The big story in this year’s Top 150 league tables is contractors’ pitifully low margins compared with housebuilders’ surging profits
The results are in, so which firms have made it into this year’s Top 150 contractors and housebuilders league? Well, one name that hasn’t – and which casts a long shadow by its absence – is Carillion, formerly occupying second place with a whopping turnover of £5.2bn. No more. The main contractor’s ignominious demise has triggered a reshuffle below the titan Balfour Beatty, which retains the top spot. But these manoeuvrings aside, the real story of this year’s data is the stark and indisputable split between the fortunes of contractors and housebuilders.
If we didn’t already know that contractors were in the doldrums while housebuilders have the wind in their sails, these figures would ram the message home: the biggest 10 main contractors with a combined turnover of £31bn made less than £120m in profit. That’s a miserly margin of 0.38% (about one-third of last year’s already unimpressive 1.09% for the same firms). Contrast that with the top 10 housebuilders, which returned an average margin of 19.2%, equating to them making two out of every three pounds of the profit in the whole of the top 150.
The success of the housebuilders is truly phenomenal. This year marks their fifth year of growth in the league and on every indicator – turnover, profit, margins – they are on the upward curve. While they constitute under one-third of the companies in the list, they account for 87% of the profit. A new insight we have gained with this year’s data is profit made per house sale, which reveals that Berkeley – the most profitable of all housebuilders – makes an average of £220,000 per home.
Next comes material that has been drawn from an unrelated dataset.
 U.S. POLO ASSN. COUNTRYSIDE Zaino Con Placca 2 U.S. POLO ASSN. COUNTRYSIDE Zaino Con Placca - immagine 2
At a time of chronic housing shortages this figure may be hard for some to digest, but from a business point of view many will no doubt be looking on with envious admiration.
When the average margin for all the contractors on the list only reaches 1.7%, even the relatively modest ambition of 5% looks like pie in the sky
Such profitability is the stuff of dreams for main contractors: Balfour Beatty’s Leo Quinn is known for believing margins of 5% should be possible, but when the average margin for all the contractors in the list only reaches 1.7%, even that relatively modest ambition looks like pie in the sky.
So is the contractor model broken? The dire position many of the big contracting names find themselves in is partly down to the continuing fallout from problem jobs picked up some years back. Losses were felt by – to name just a few – Interserve on a series of energy-from-waste contracts, by Sir Robert McAlpine which also came a cropper in the same sector, and by Laing O’Rourke on its PFI hospital scheme in Canada.
Size is also an issue. The data shows that contractors ranked 50-100 report healthy margins of 5.2% – it seems that the scale and complexity of the megajobs that main contractors take on over periods of many years just carry too much risk. Some contractors – the likes of Morgan Sindall, Willmott Dixon and Wates – have side-stepped this issue by focusing on a large number of small and medium sized jobs. But once operating at the larger scale, it’s hard to go back down – lower turnover often means less cash to pay large supply chains, so in order to continue to “feed the beast” some main contractors indulge in low bidding, securing turnover at the expense of profit.
It’s not as if the economic climate offers a sunny outlook for contractors. Brexit uncertainty weighs heavily on investors, who may be deferring decisions, while a worsening skills shortage is driving up costs – it’s not surprising the official forecasts are flat. Of course, housebuilders are not immune to the unsettled market – a string of big names have announced profit warnings and there is a growing feeling we have reached the top of the residential market, particularly in London and the South-east where sales rates are slowing.
Still, housebuilders’ healthy balance sheets mean they will be cushioned from a downturn for a few years at least – the same cannot be said of contractors, many of which are struggling to improve their debt positions. What they need is a radical and rapid fix. Industry leaders and government ministers are aware of the challenges and have come up with plenty of ideas for leaner, smarter ways of contracting. Just last week we had the Lords report calling for renewed efforts to unblock the offsite manufacturing revolution, hot on the heels of the sector deal’s ambitious targets for the industry as well as the Construction Leadership Council’s measures to overhaul procurement.
It’s all logical stuff and undeniably there is growing momentum to innovate and change, but will it happen fast enough? We’re talking about structural reform in a deeply fragmented industry where the majority of clients are still stuck in a mind-set of lowest price. Reversing that will be disruptive and take time. For contractors to climb back up the charts – in terms of profitability, not just turnover – they are going to need more than good intentions; they need a dependable pipeline of profitable work.